• **EXERCISE MATERIALS**:
▽

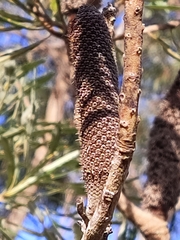 Banksia attenuata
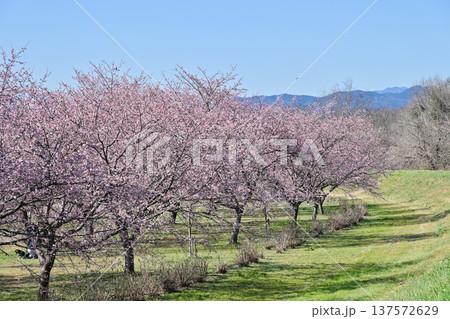 北浅羽桜堤公園 北浅羽桜堤公園 137572629
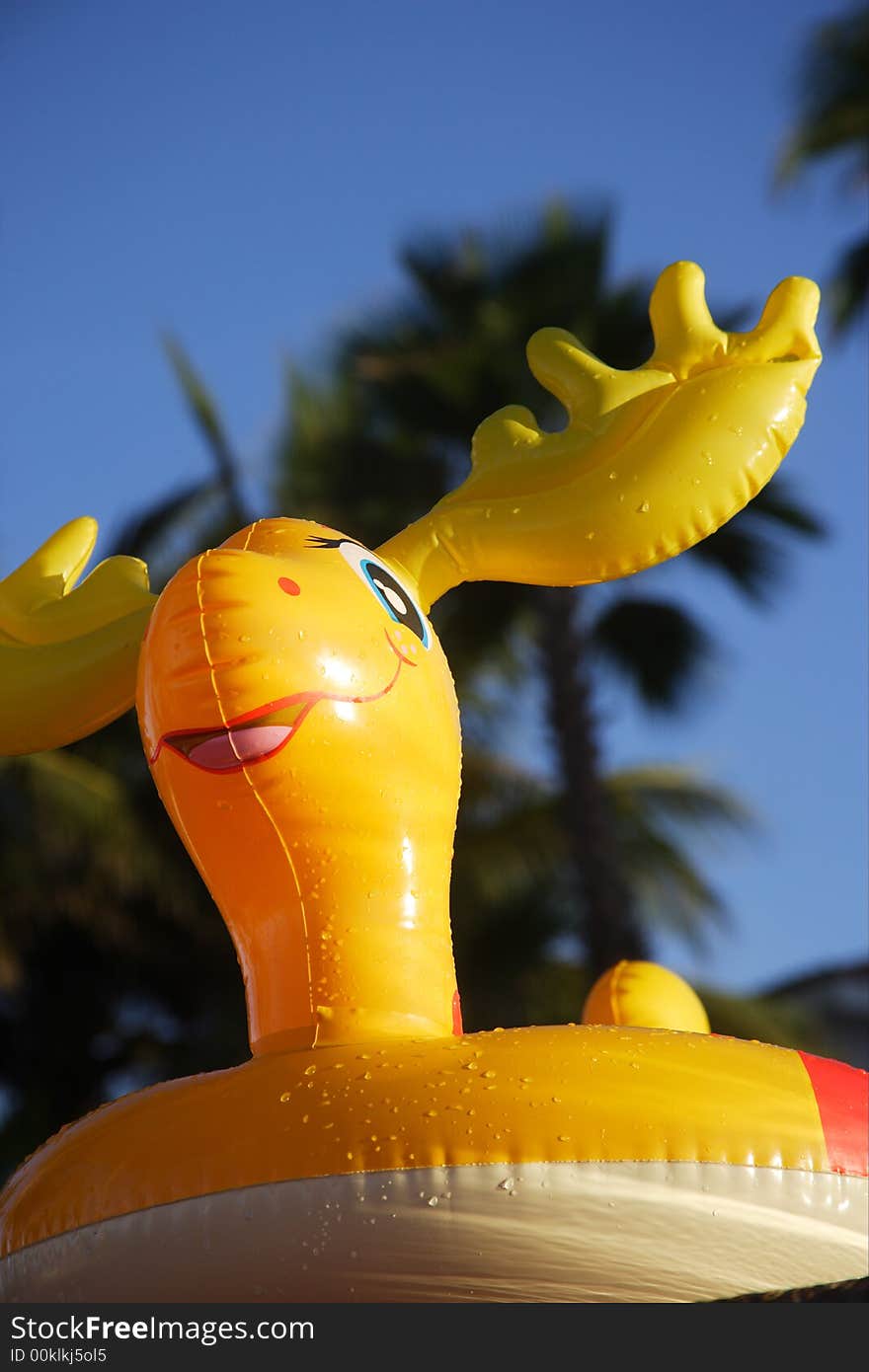 Pool toy at Los Cabos, Baja California Sur, Mexico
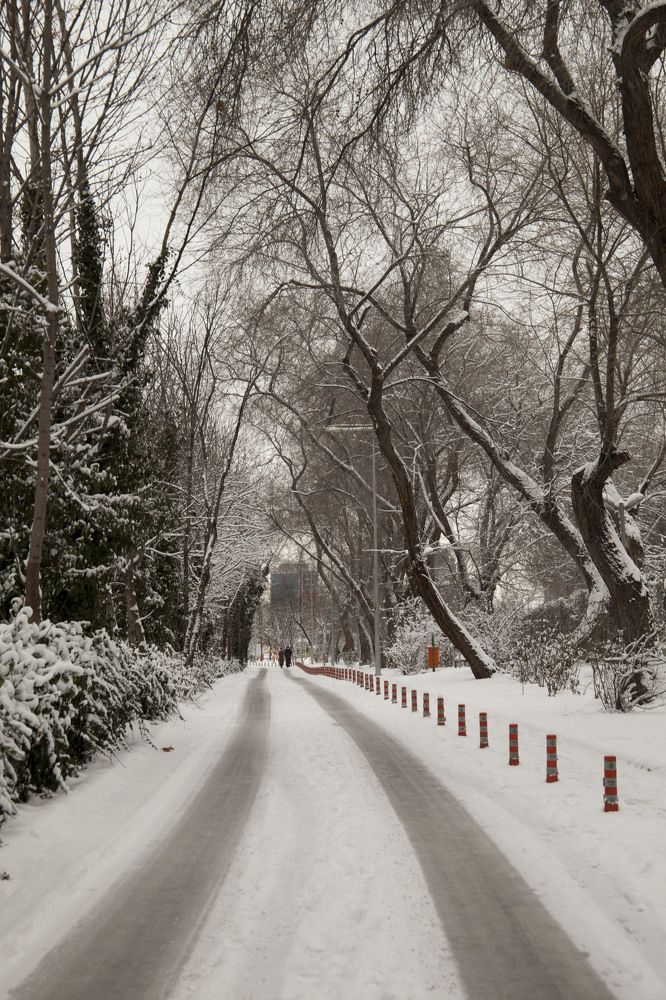 Photograph by cengiz pamuk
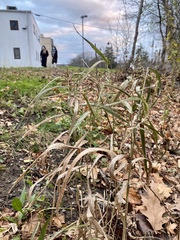 Puccinia nakanishikii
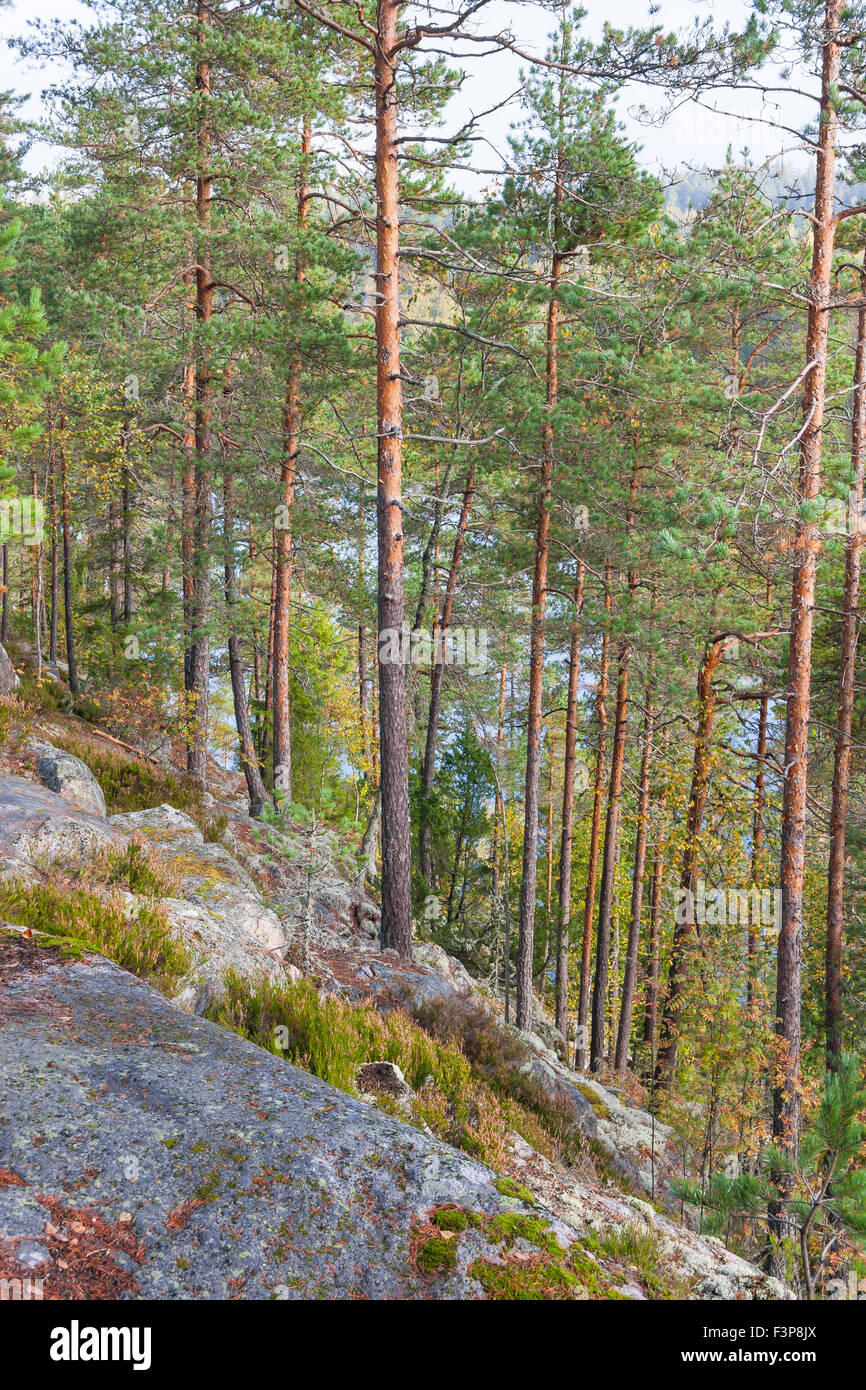 Tall pine trees grown on rocks or cliffs Stock Photo - Alamy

△

• **TASK TO CARRY OUT**: Without altering anything, output all the lines above but none of the images.

• **ANSWER FOR THIS EXERCISE**:
 Banksia attenuata
 北浅羽桜堤公園 北浅羽桜堤公園 137572629
 Pool toy at Los Cabos, Baja California Sur, Mexico
 Photograph by cengiz pamuk
 Puccinia nakanishikii
 Tall pine trees grown on rocks or cliffs Stock Photo - Alamy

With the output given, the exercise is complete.